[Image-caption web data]
----------------

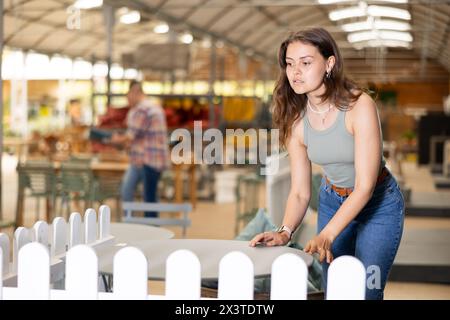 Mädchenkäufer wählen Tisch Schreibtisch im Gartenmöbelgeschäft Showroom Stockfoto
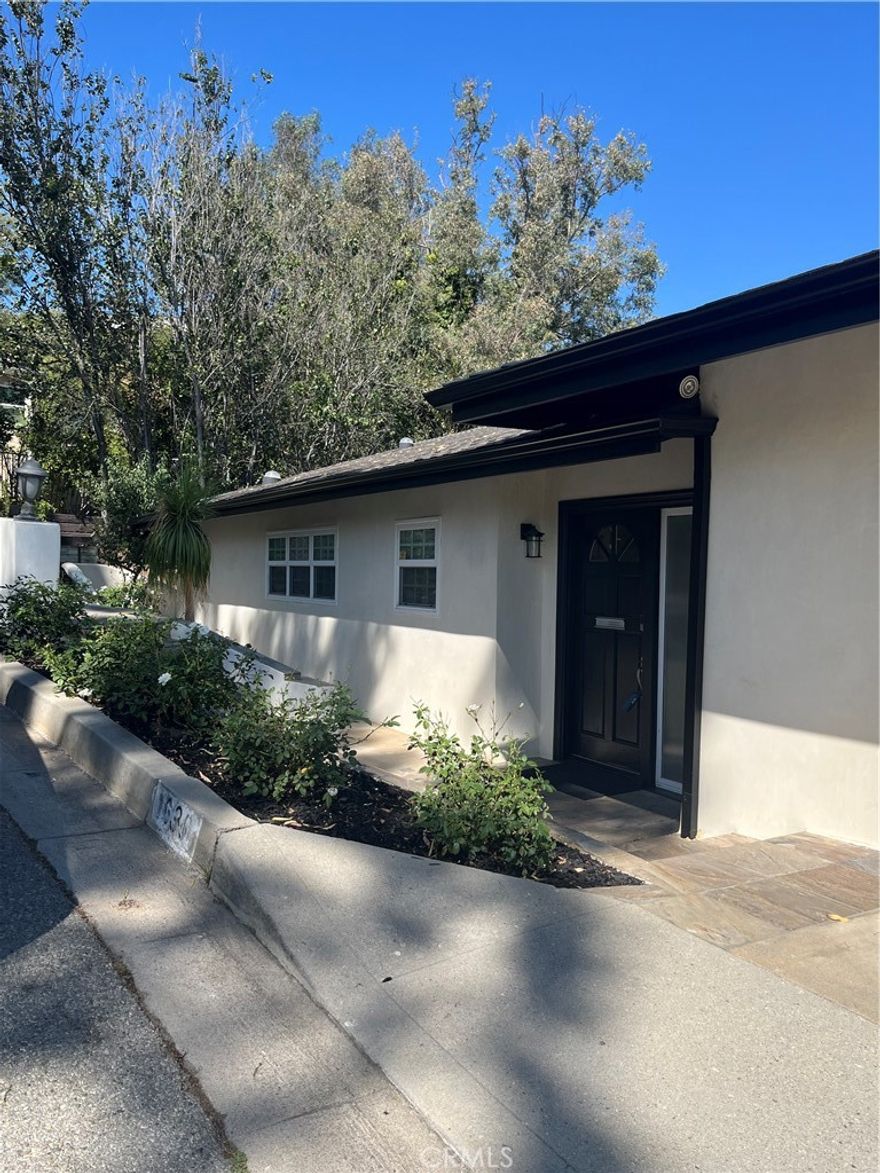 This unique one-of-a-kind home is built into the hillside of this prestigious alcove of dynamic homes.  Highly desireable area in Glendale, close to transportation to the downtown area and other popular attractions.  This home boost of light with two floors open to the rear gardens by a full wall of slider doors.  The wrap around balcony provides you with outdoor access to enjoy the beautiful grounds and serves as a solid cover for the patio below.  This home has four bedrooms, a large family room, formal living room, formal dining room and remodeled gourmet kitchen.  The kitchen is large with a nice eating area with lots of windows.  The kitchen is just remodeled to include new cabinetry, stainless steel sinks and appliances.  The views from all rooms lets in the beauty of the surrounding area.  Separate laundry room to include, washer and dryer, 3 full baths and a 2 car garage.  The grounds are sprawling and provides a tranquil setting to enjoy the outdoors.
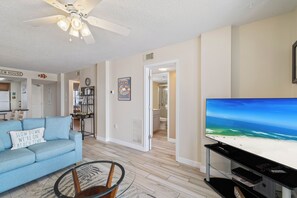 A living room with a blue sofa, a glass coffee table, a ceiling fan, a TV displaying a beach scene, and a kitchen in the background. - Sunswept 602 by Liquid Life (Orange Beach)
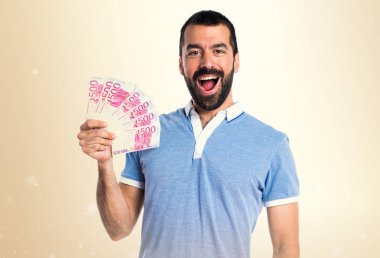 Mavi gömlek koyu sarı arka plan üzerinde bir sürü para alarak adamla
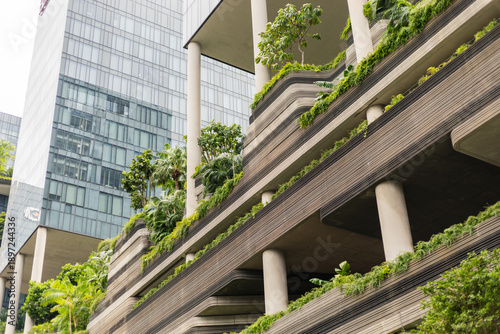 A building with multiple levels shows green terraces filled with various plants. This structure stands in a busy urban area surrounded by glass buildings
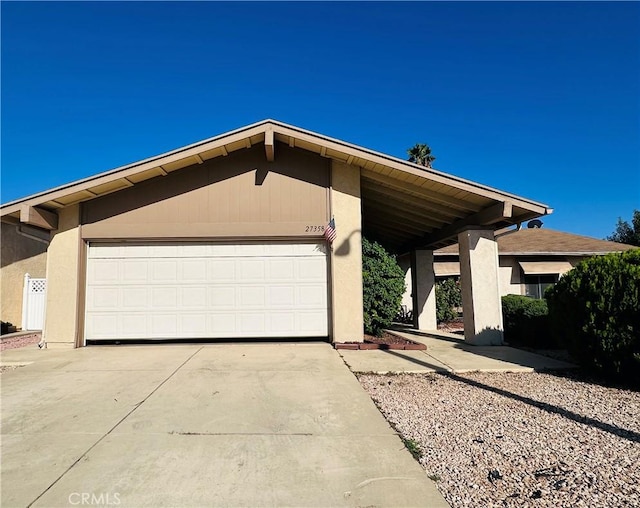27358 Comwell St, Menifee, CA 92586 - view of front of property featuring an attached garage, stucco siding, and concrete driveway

----------------

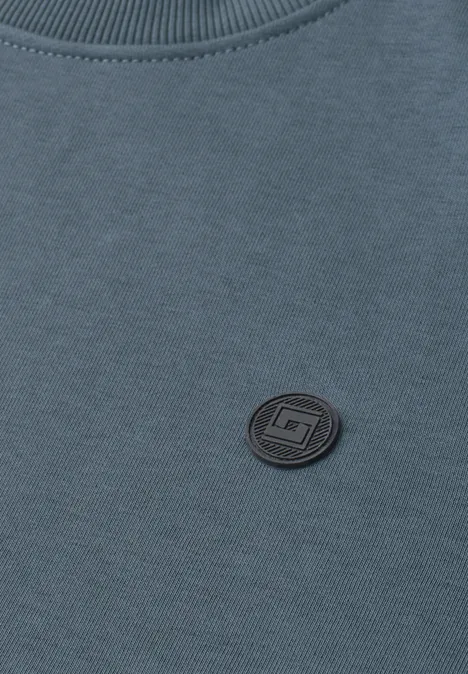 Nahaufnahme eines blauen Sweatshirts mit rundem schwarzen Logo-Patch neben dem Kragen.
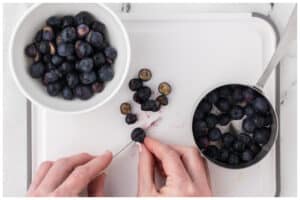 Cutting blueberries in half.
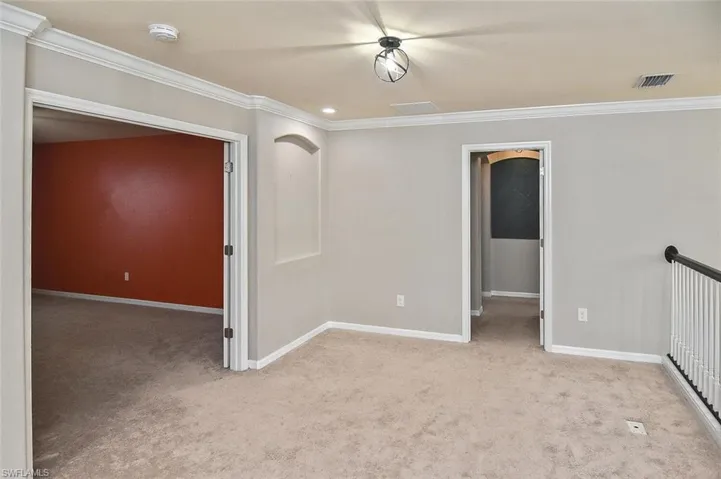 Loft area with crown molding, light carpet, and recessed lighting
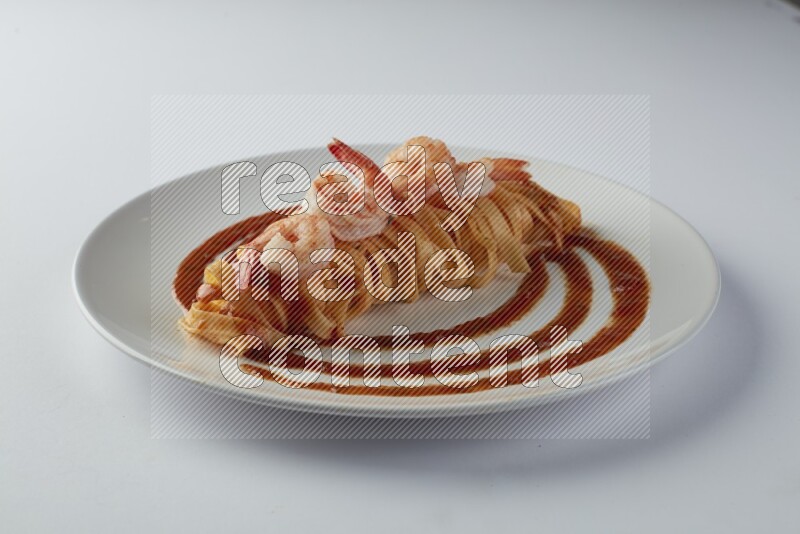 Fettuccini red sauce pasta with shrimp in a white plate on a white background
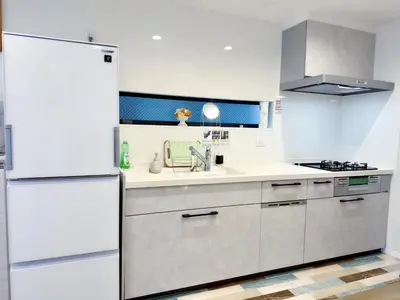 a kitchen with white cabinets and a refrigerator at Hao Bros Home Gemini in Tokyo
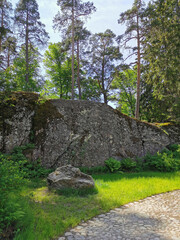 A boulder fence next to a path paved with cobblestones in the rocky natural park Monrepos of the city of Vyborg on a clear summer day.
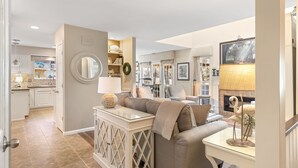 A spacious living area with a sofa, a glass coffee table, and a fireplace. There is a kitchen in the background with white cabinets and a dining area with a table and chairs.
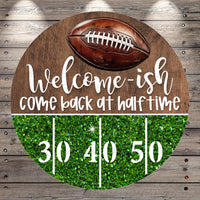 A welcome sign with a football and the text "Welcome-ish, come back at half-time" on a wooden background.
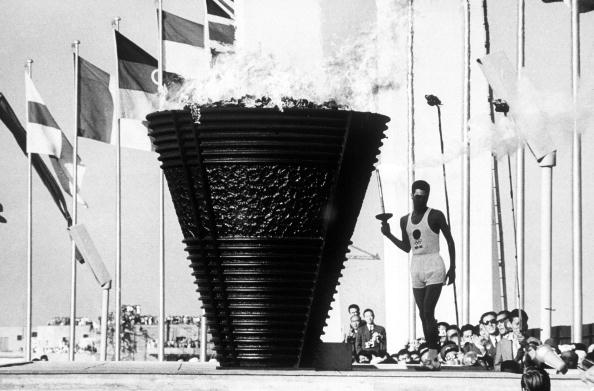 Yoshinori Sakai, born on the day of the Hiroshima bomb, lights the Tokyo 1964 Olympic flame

----------------

ASSIGNED TASK:
Nothing but the lines from the one with "A welcome sign" to the one with "Yoshinori Sakai, born" above, both included, should be transcribed, exactly and without pictures.

WORKED SOLUTION:
 A welcome sign with a football and the text "Welcome-ish, come back at half-time" on a wooden background.
 Yoshinori Sakai, born on the day of the Hiroshima bomb, lights the Tokyo 1964 Olympic flame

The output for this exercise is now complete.